**Your task:**
Copy each line, word for word, from the one with "Lifelike wound with textile imprint" through the final line of the listing, but skip the pictures.

Content starts

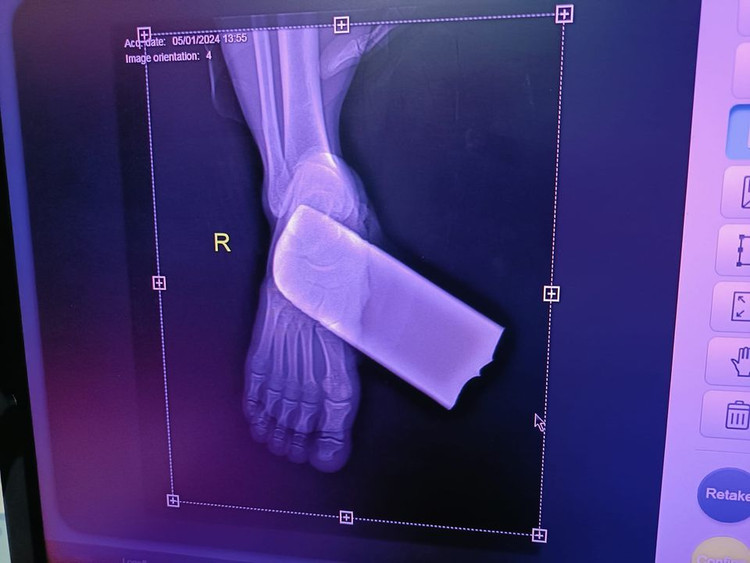 Bệnh nhân bị lưỡi máy cắt cỏ gãy bắn găm vào bàn chân phải gây tổn thương đứt cơ gan bàn chân và mạch máu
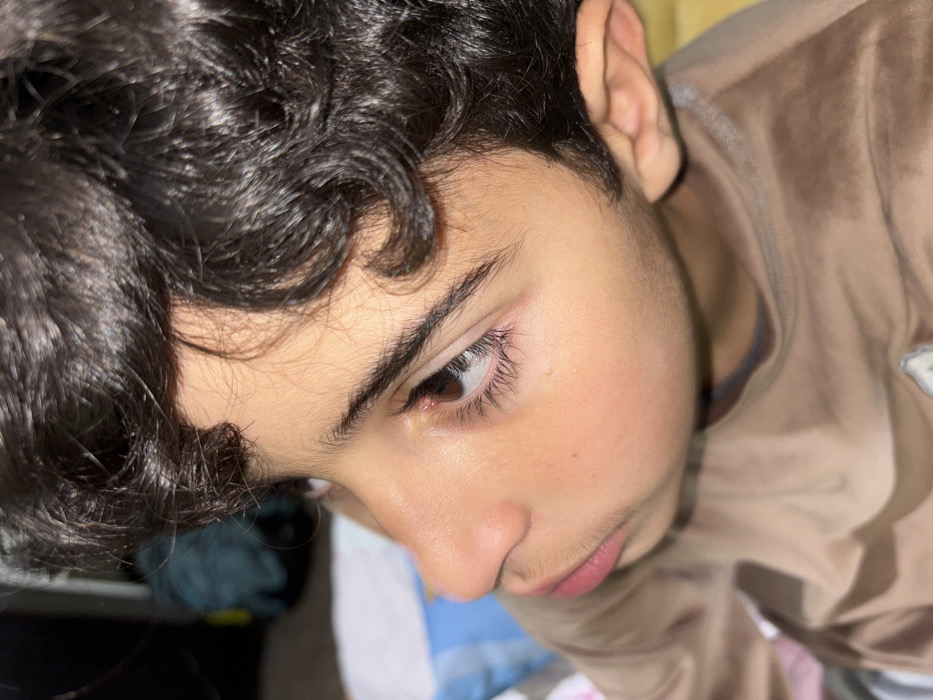 A young person's face dominates the frame, angled slightly downward. Dark, curly hair contrasts with smooth skin. A focused gaze emanates from a brown eye. Details include visible eyelashes and light facial hair above the lip. The person wears a tan-colored garment. A hint of bedding and other objects appear blurred in the background.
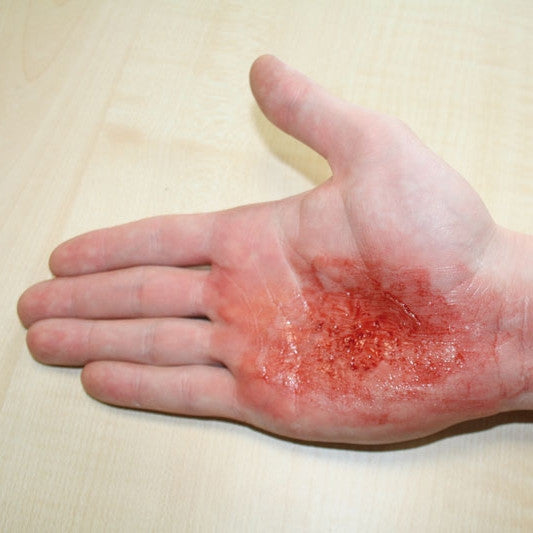 Lifelike wound with textile imprint
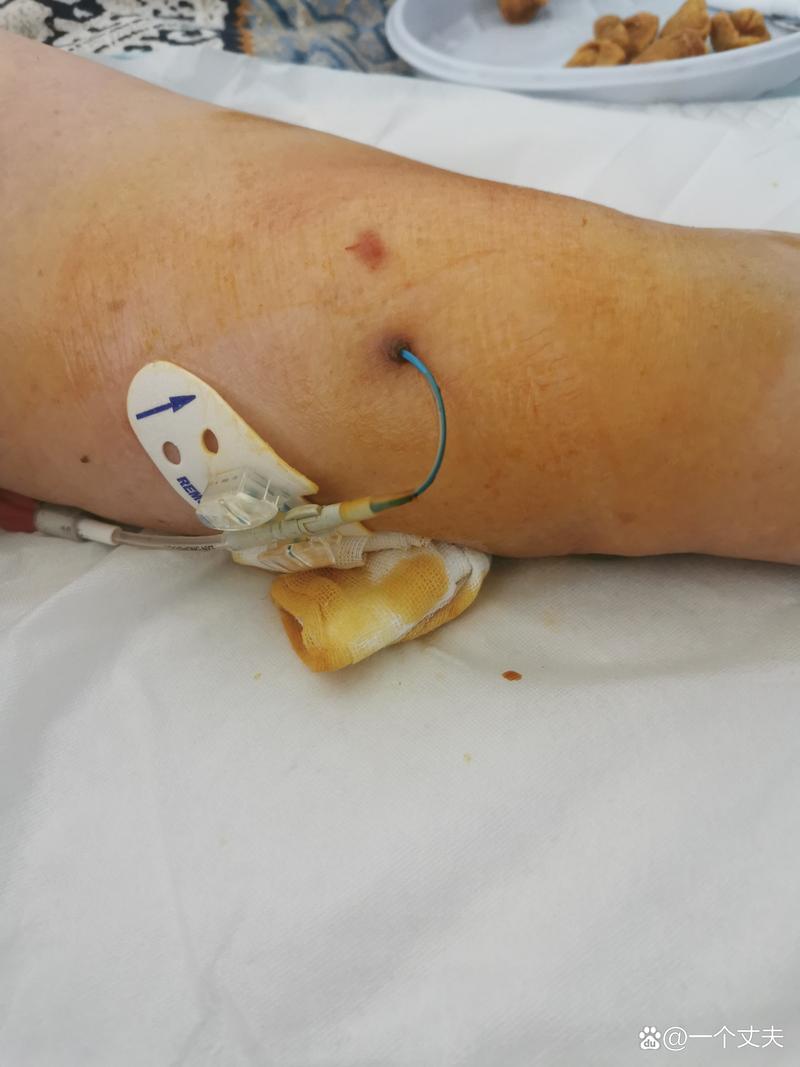 风湿性心脏病手术钢丝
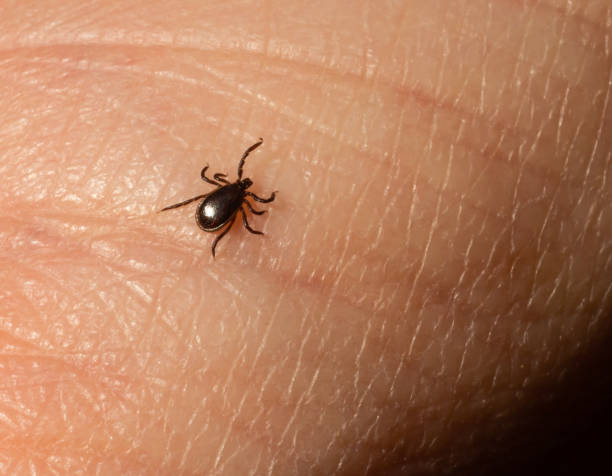 istock Infectious Encephalitis Ixodes Scapularis or Persulcatus Deer Tick Insect on Skin. Encephalitis Virus or Lyme Borreliosis Disease Infected Ixodes Tick Arachnid Parasite Bite Macro 1404161408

Content ends

**Solution for this exercise:**
 Lifelike wound with textile imprint
 风湿性心脏病手术钢丝
 istock Infectious Encephalitis Ixodes Scapularis or Persulcatus Deer Tick Insect on Skin. Encephalitis Virus or Lyme Borreliosis Disease Infected Ixodes Tick Arachnid Parasite Bite Macro 1404161408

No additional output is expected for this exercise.